**Work order:**
There is material below. Print exactly the lines starting at the line with "You must READ THE BOOKS!" and ending at the line with "the chapter/story and", ends included, and no others.

++++++++++

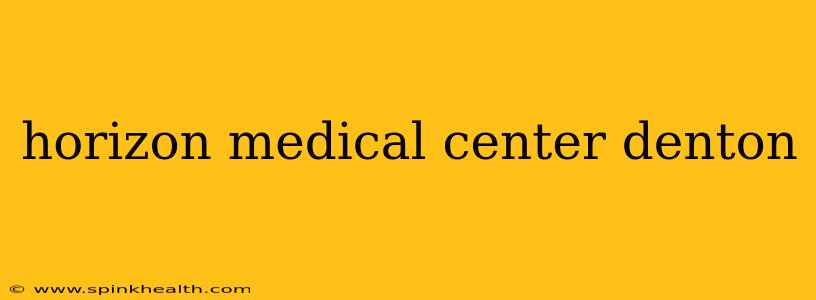 horizon medical center denton
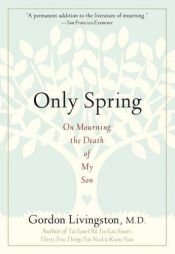 book cover of Only Spring: On Mourning the Death of My Son by Gordon Livingston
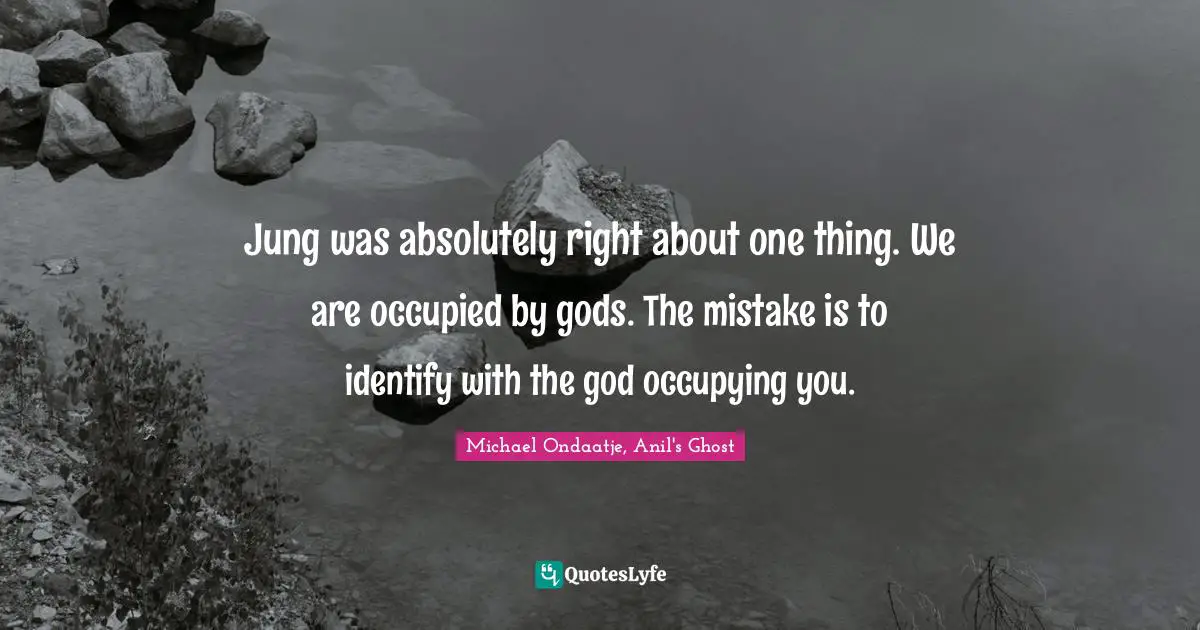 Jung was absolutely right about one thing. We are occupied by gods. The mistake is to identify with the god occupying you.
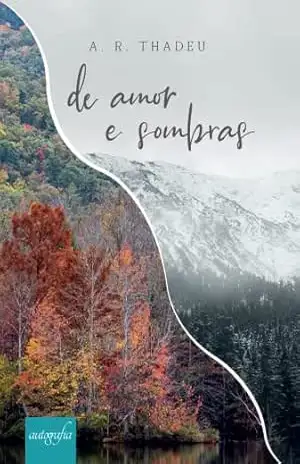 De amor e sombras – Amauri Reis Thadeu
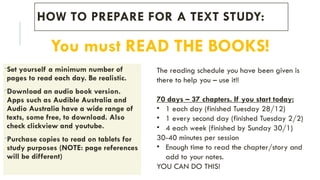 HOW TO PREPARE FOR A TEXT STUDY:
-Set yourself a minimum number of
pages to read each day. Be realistic.
-Download an audio book version.
Apps such as Audible Australia and
Audio Australia have a wide range of
texts, some free, to download. Also
check clickview and youtube.
-Purchase copies to read on tablets for
study purposes (NOTE: page references
will be different)
You must READ THE BOOKS!
The reading schedule you have been given is
there to help you – use it!!
70 days – 37 chapters. If you start today:
• 1 each day (finished Tuesday 28/12)
• 1 every second day (finished Tuesday 2/2)
• 4 each week (finished by Sunday 30/1)
30-40 minutes per session
• Enough time to read the chapter/story and
add to your notes.
YOU CAN DO THIS!
 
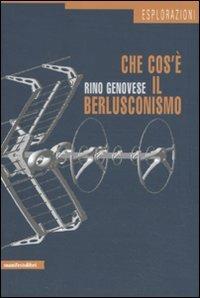 Che cos'è il berlusconismo. La democrazia deformata e il caso italiano - Rino Genovese - Libro Manifestolibri 2011, Esplorazioni | Libraccio.it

++++++++++

**Result:**
You must READ THE BOOKS!
The reading schedule you have been given is
there to help you – use it!!
70 days – 37 chapters. If you start today:
• 1 each day (finished Tuesday 28/12)
• 1 every second day (finished Tuesday 2/2)
• 4 each week (finished by Sunday 30/1)
30-40 minutes per session
• Enough time to read the chapter/story and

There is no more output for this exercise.